Seeking IMF loan: Lukashenka not ready to reform social sphere in Belarus


Belarus will not abandon the social state scheme, president Alyaksandr Lukashenka told Peter Dohlman, IMF Mission Chief for Belarus, on Tuesday.

The state is not about to break down the social state scheme whether the International Monetary Fund likes it or not, he stressed.

“The thing is that we cannot leave a single child, a single elderly person, a single person with disabilities without assistance of our society, the state. It is what the social state is all about. We cannot just push them aside,” state-run news agency BelTA quotes Lukashenka as saying.

At the same time, all the other IMF proposals can absolutely be implemented in Belarus, he said.

Following the request of Belarusian authorities, a staff team of the International Monetary Fund (IMF) is working in Belarus on November 9 – 19. Its purpose is to discuss a three-year loan program.
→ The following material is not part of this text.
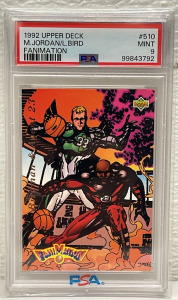 1992 Upper Deck &ldquo;M. Jordan/L. Bird&rdquo; Fanimation #510 PSA Graded MINT 9 (Carded)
According to Peter Dohlman, the program will focus on deep structural reforms and increasing the private sector’s role in the economy.

Belarus is seeking $3 bn IMF loan, Belarusian Finance Minister Uladzimir Amaryn said in October. The extended financing program was expected to provide for introducing structural reforms in Belarus.

Read more: No hope for loans for Belarus, reforms needed – Lukashenka’s administration top official

Over the recent years, Belarus received multi-billion loans from Russia, benefited from discounts on energy prices which were also given by Moscow. Now, however, a significant slowdown of the Russian economy makes Belarus seek financial support elsewhere.

At the same time, the Belarusian leader denied the need of structural reforms as they are ‘forced from the outside’, he said in his inauguration speech in early November.

On March 31, Belarus paid off the last installment ($75.9 mln) of the previous stand-by loan granted by the IMF.